(Dataset excerpts)
________________________________________

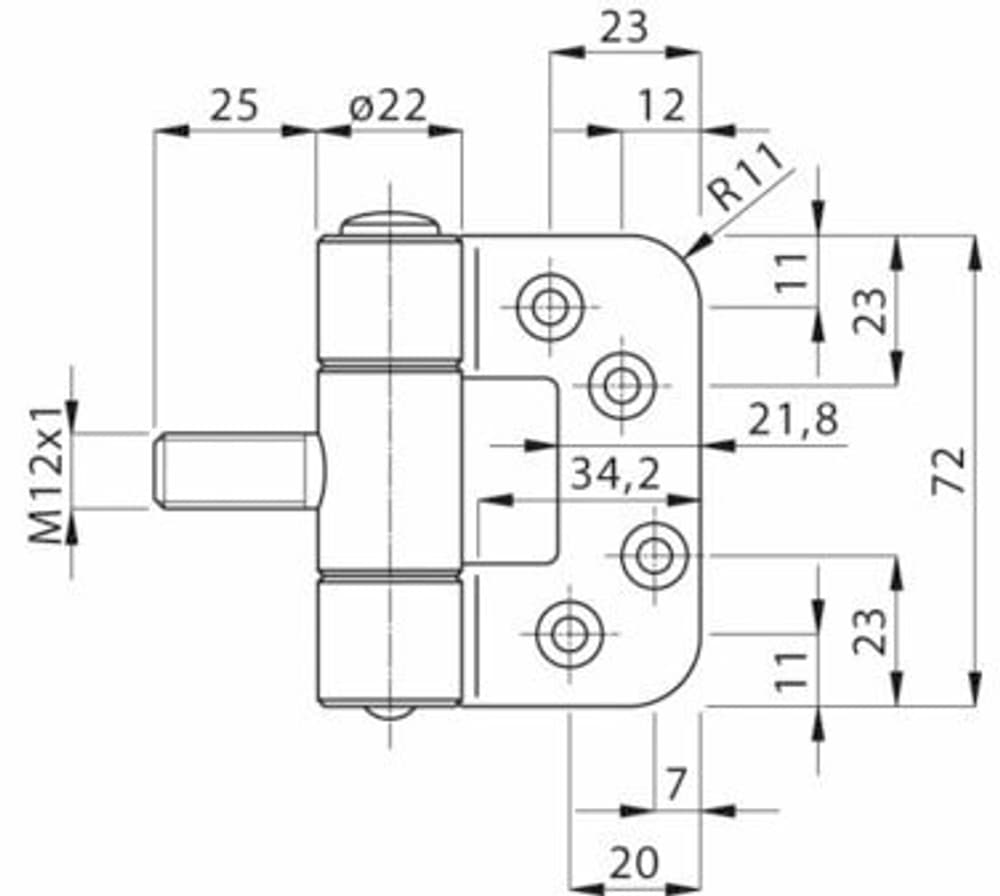 HERKULA-Stahlzargenbänder Modell HES Scharnier anuba 669700124254 Bild Nr. 1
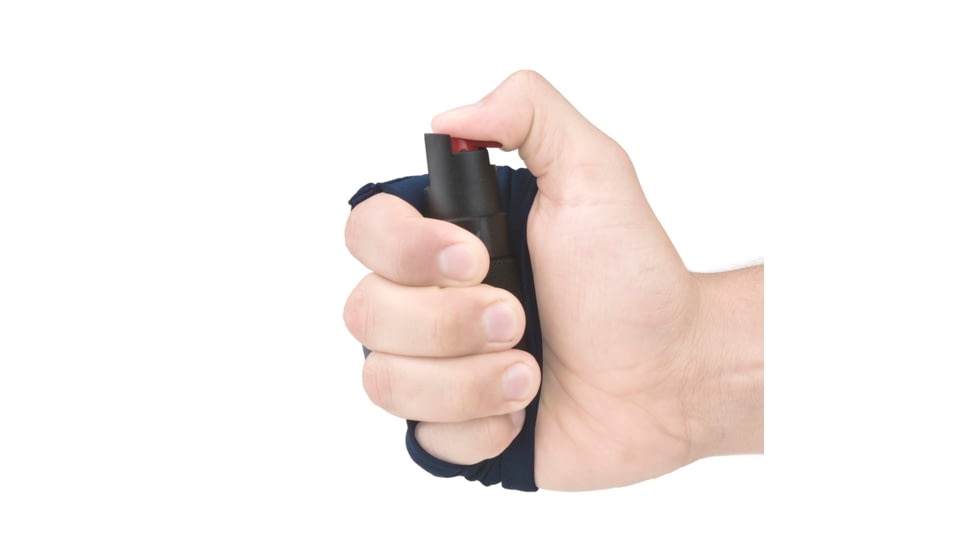 Guard Dog Security InstaFire Pepper Spray Hand Sleeve w/ 0.5 oz Pepper Spray, Blue Sleeve, Activewear PS-GDIFOC18-1BL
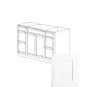 Huntington White Shaker 48" Sink Base Vanity With Two Side Drawers - RTA thumbnail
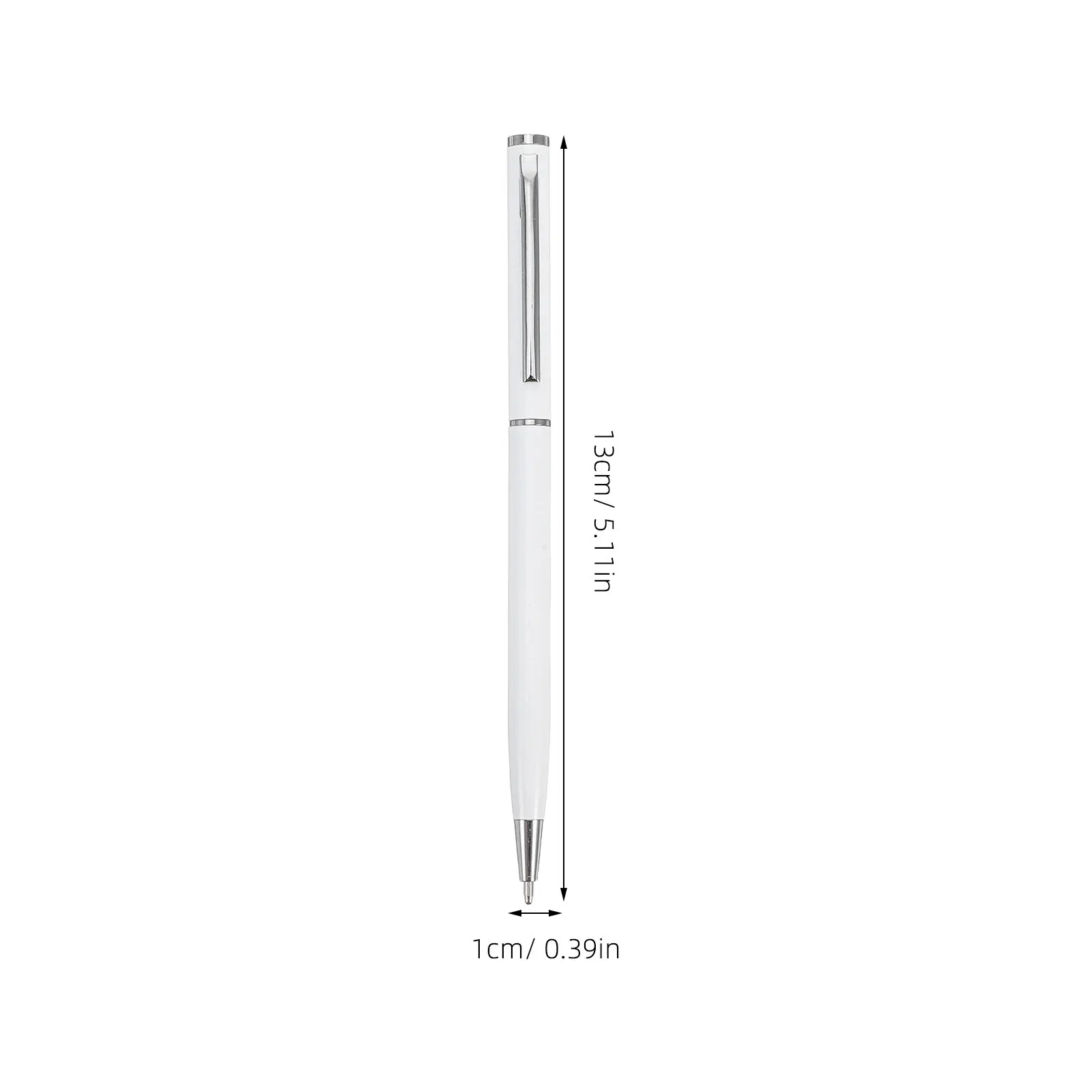 10Pcs Metal Ballpoint Pen Rotating Mechanism Smooth Ink Flow Comfortable Grip for Office Business Student Teacher Signing Desk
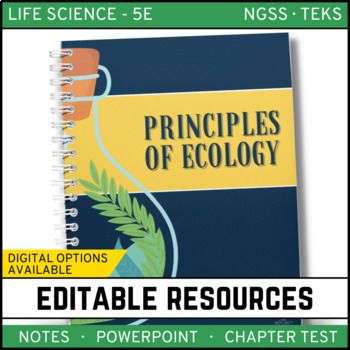 Preview of Principles of Ecology PowerPoint, Notes and Test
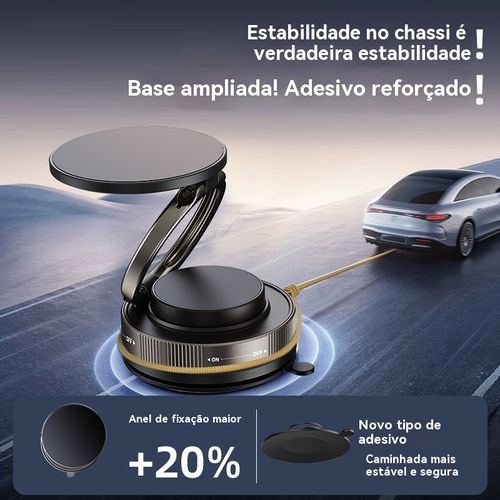 Suporte magnético para telemóvel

________________________________________

*Assignment*
The lines from the start of the data through the line that contains "10Pcs Metal Ballpoint" are to be returned exactly, please, with both ends included and every picture left out.

*Solution to the exercise*
 HERKULA-Stahlzargenbänder Modell HES Scharnier anuba 669700124254 Bild Nr. 1
 Guard Dog Security InstaFire Pepper Spray Hand Sleeve w/ 0.5 oz Pepper Spray, Blue Sleeve, Activewear PS-GDIFOC18-1BL
 Huntington White Shaker 48" Sink Base Vanity With Two Side Drawers - RTA thumbnail
 10Pcs Metal Ballpoint Pen Rotating Mechanism Smooth Ink Flow Comfortable Grip for Office Business Student Teacher Signing Desk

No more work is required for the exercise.